An object that produces a sequence of batches. next() method of the iterator will return object that was produced by processor function

Return type

Iterator

Raises

StopIteration – When all data was iterated through. Stops the for loop.

Example

def process(batch):
    images = [misc.imread(x[0]) for x in batch]
    images = np.asarray(images, dtype=np.float32)
    images = images.transpose((0, 3, 1, 2))
    labeles = [x[1] for x in batch]
    labeles = np.asarray(labeles, np.int)
    return torch.from_numpy(images) / 255.0, torch.from_numpy(labeles)

data = [('some_list.jpg', 1), ('of_filenames.jpg', 2), ('etc.jpg', 4), ...] # filenames and labels
batches = dlutils.batch_provider(data, 32, process)

for images, labeles in batches:
    result = model(images)
    loss = F.nll_loss(result, labeles)
    loss.backward()
    optimizer.step()

dlutils.cache module¶

class dlutils.cache(function)[source]¶

Bases: object

Caches return value of a functions.

Given a function with no side effects, it will compute sha256 hash of passed arguments and use that hash to retrieve saved pickle.

Note

Passed arguments must be picklable.

If you change function, or do any other change that invalidates previously saved caches you will need to delete them manually

Results are saved to ‘.cache’ folder in current directory.

Parameters: function (function) – fucntions to be called.

Example

@dlutils.cache
def expensive_function(x):
    for i in range(12):
        x = x + x * x
    return x

dlutils.default_cfg module¶

dlutils.default_cfg.get_default_cfg()[source]

dlutils.download module¶

Module for downloading files, downloading files from google drive, uncompressing targz

dlutils.download.cifar10(directory='cifar10')[source]

Downloads CIFAR10 Dataset.

Parameters: directory (str) – Directory where to save the files

dlutils.download.cifar100(directory='cifar100')[source]

Downloads CIFAR100 Dataset.

Parameters: directory (str) – Directory where to save the files

dlutils.download.fashion_mnist(directory='fashion-mnist')[source]

Downloads Fashion-MNIST Dataset.

Parameters: directory (str) – Directory where to save the files

dlutils.download.from_google_drive(google_drive_fileid, directory='.', file_name=None, extract_targz=False, extract_gz=False, extract_zip=False)[source]

Downloads file from Google Drive.

Given the file ID, file is downloaded from Google Drive and optionally it can be unpacked after downloading completes.

Note

You need to share the file as Anyone who has the link can access.

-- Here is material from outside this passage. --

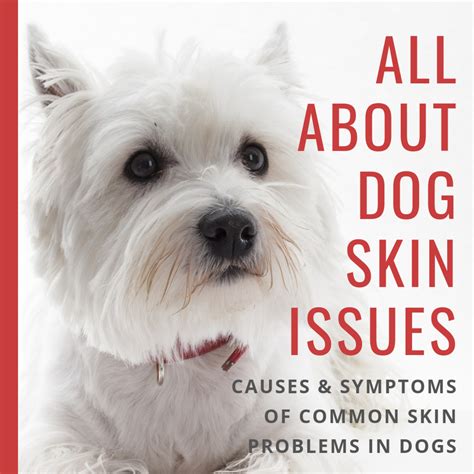 Table of contents common skin diseases in dogs how to prevent my dog from getting skin problems? Dog Skin Disorders: Causes, Symptoms, Types, and Breeds ...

No sign-in required.. You can find the file ID in the link:

https://drive.google.com/file/d/ 0B3kP5zWXwFm_OUpQbDFqY2dXNGs /view?usp=sharing

Parameters

google_drive_fileid (str) – file ID.
directory (str) – Directory where to save the file
file_name (str, optional) – If not None, this will overwrite the file name, otherwise it will use the filename returned from http request. Defaults to None.
extract_targz (bool) – Extract tar.gz archive. Defaults to False.
extract_gz (bool) – Decompress gz compressed file. Defaults to False.
extract_zip (bool) – Extract zip archive. Defaults to False.

Example

dlutils.download.from_google_drive(directory="data/", google_drive_fileid="0B3kP5zWXwFm_OUpQbDFqY2dXNGs")

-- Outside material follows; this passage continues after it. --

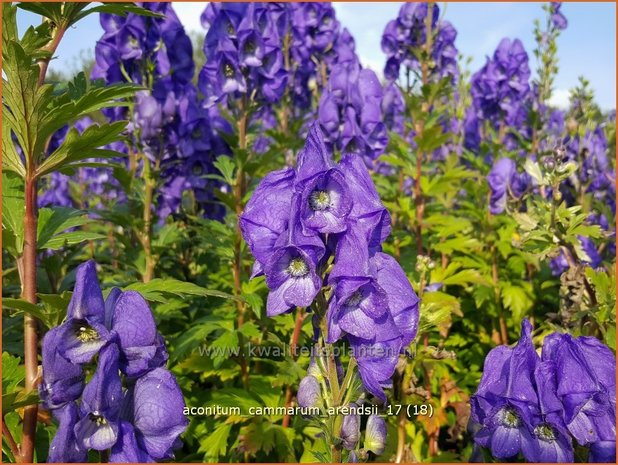 Aconitum cammarum 'Arendsii' | Monnikskap | Eisenhut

dlutils.download.from_url(url, directory='.', file_name=None, extract_targz=False, extract_gz=False, extract_zip=False)[source]

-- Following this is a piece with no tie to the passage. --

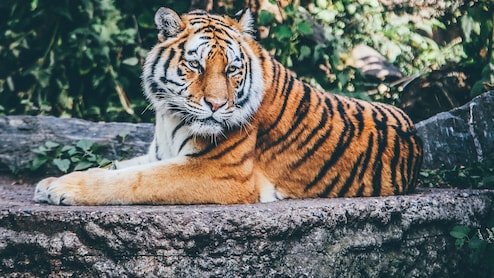 Tiger Found Dead In Goa, Likely Killed By Wild Dogs, Says Forest Minister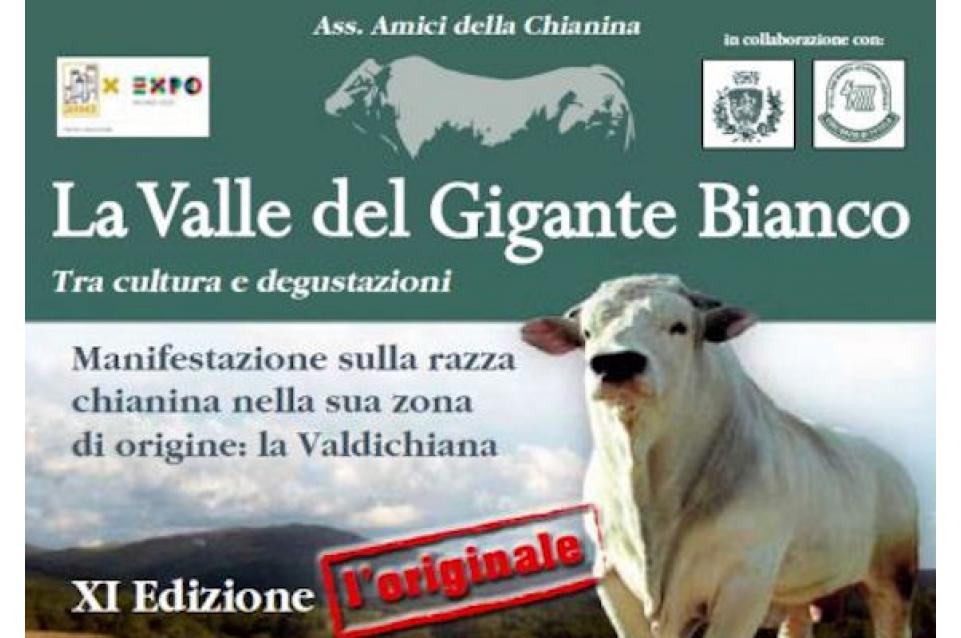 Dal 22 maggio al 2 giugno a Sinalunga torna "La Valle del Gigante Bianco" Dal 22 maggio al 2 giugno a Sinalunga torna "La Valle del Gigante Bianco"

Downloads file from specified URL.

Optionally it can be unpacked after downloading completes.

Parameters

url (str) – file URL.
directory (str) – Directory where to save the file
file_name (str, optional) – If not None, this will overwrite the file name, otherwise it will use the filename returned from http request. Defaults to None.
extract_targz (bool) – Extract tar.gz archive. Defaults to False.
extract_gz (bool) – Decompress gz compressed file. Defaults to False.
extract_zip (bool) – Extract zip archive. Defaults to False.

Example

dlutils.download.from_url("http://yann.lecun.com/exdb/mnist/train-images-idx3-ubyte.gz", directory, extract_gz=True)

dlutils.download.mnist(directory='mnist')[source]

Downloads MNIST Dataset.

Parameters: directory (str) – Directory where to save the files

dlutils.epoch module¶

class dlutils.epoch.EpochRange(epoch_count, log_func=None)[source]

Bases: object

Range for iterating epochs

class dlutils.epoch.LossTracker[source]

Bases: object

Tracker for easy recording and computing mean values of some quanities such as losses. Summary of average values is printed at the end of each epoch.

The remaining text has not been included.